What to work on: Write each line of the material exactly as given, from the top through the line that contains "383 Gayview Crescent, Lavington NSW 2641", and omit all pictures.
====
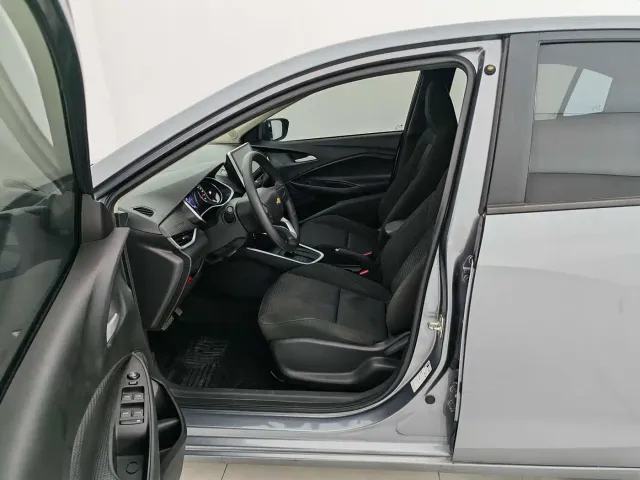 Chevrolet Cavalier — Фото автомобиля 21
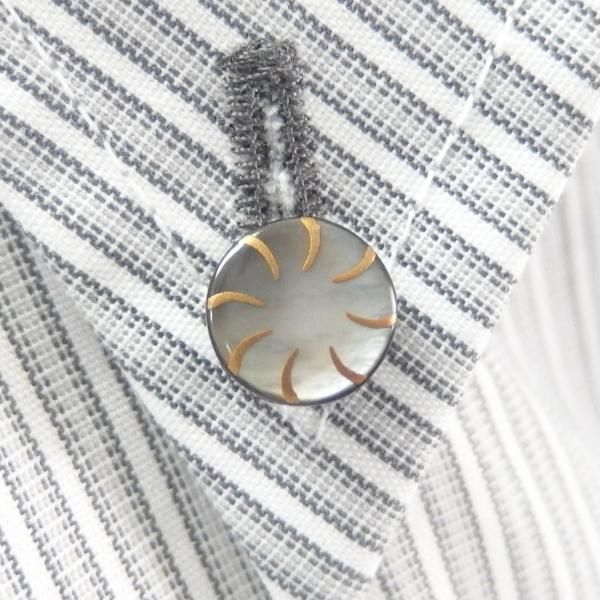 【受注生産品】螺旋・黒蝶貝のボタンダウンピアス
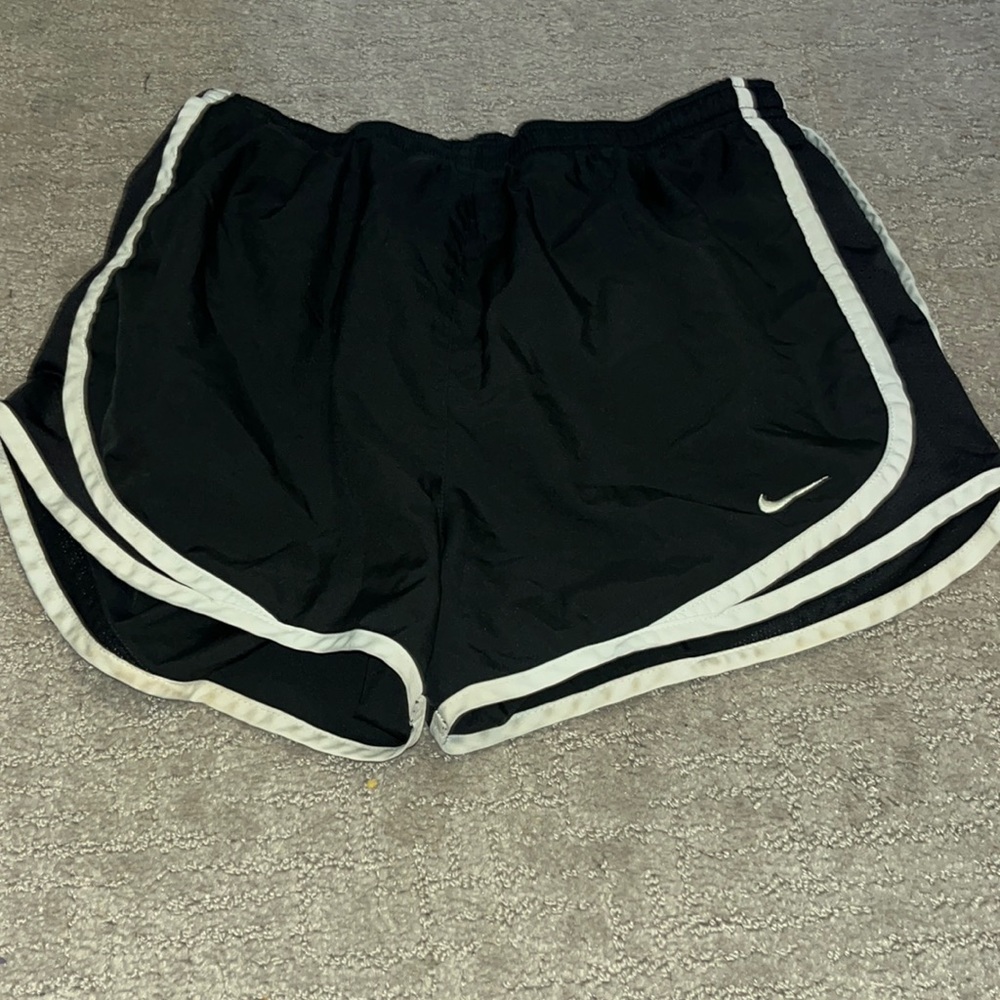 Black Nike shorts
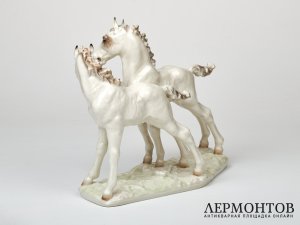 Статуэтка «Жеребята». Фарфор, Lorenz Hutschenreuther, Германия, 1970–1985 годы
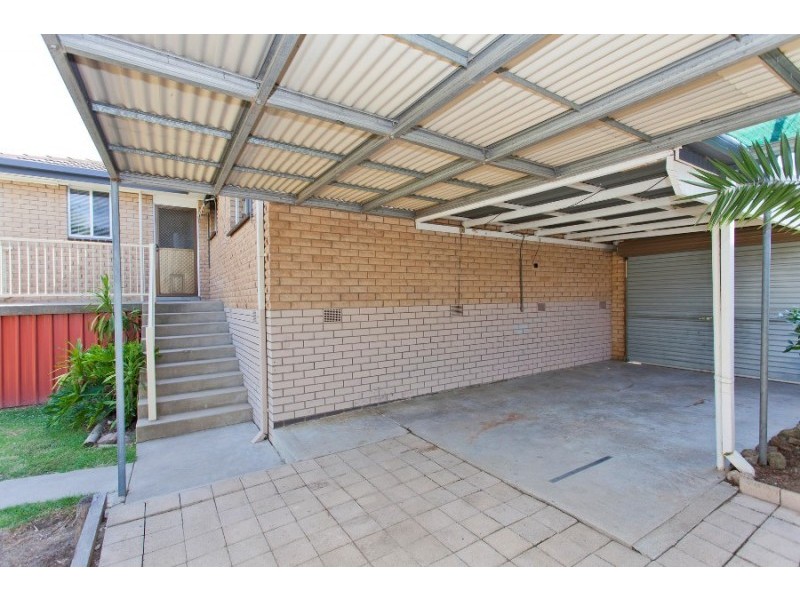 383 Gayview Crescent, Lavington NSW 2641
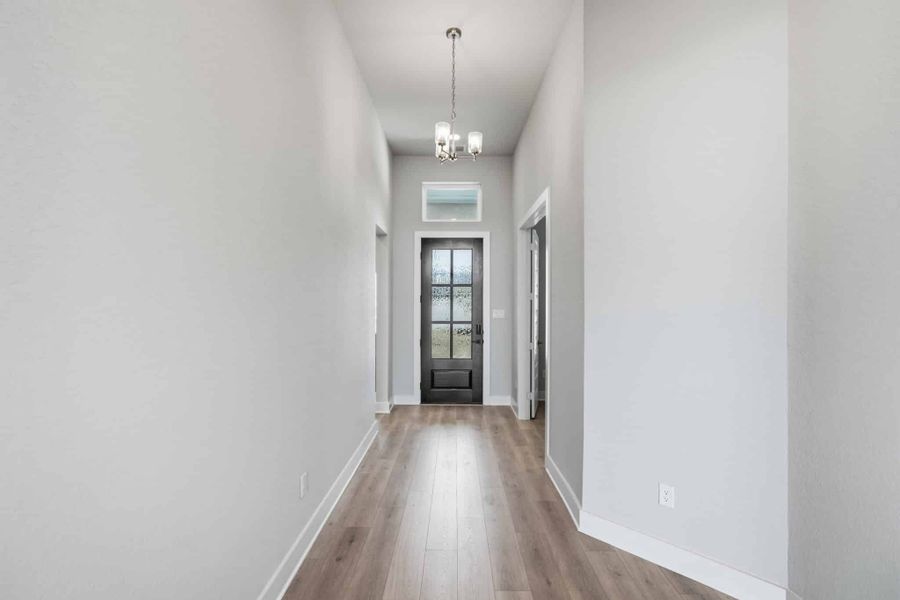 Spacious, unfurnished interior of a new home in Esperanza, Boerne (Image 20).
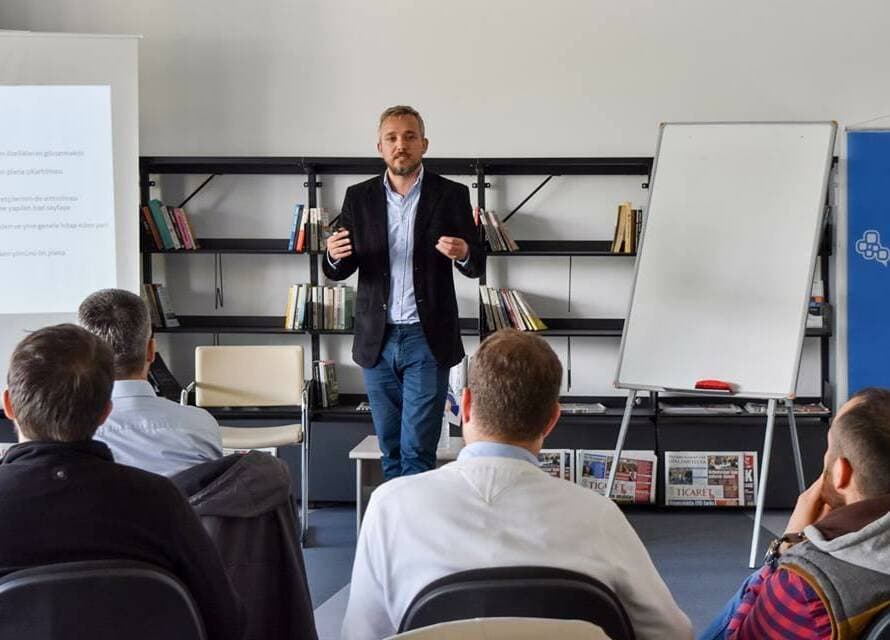 BTM Girişimcileri Dijital Pazarlama Eğitimi ile Projelerini Geliştirmeye Devam Ediyor!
====
Answer to the problem:
 Chevrolet Cavalier — Фото автомобиля 21
 【受注生産品】螺旋・黒蝶貝のボタンダウンピアス
 Black Nike shorts
 Статуэтка «Жеребята». Фарфор, Lorenz Hutschenreuther, Германия, 1970–1985 годы
 383 Gayview Crescent, Lavington NSW 2641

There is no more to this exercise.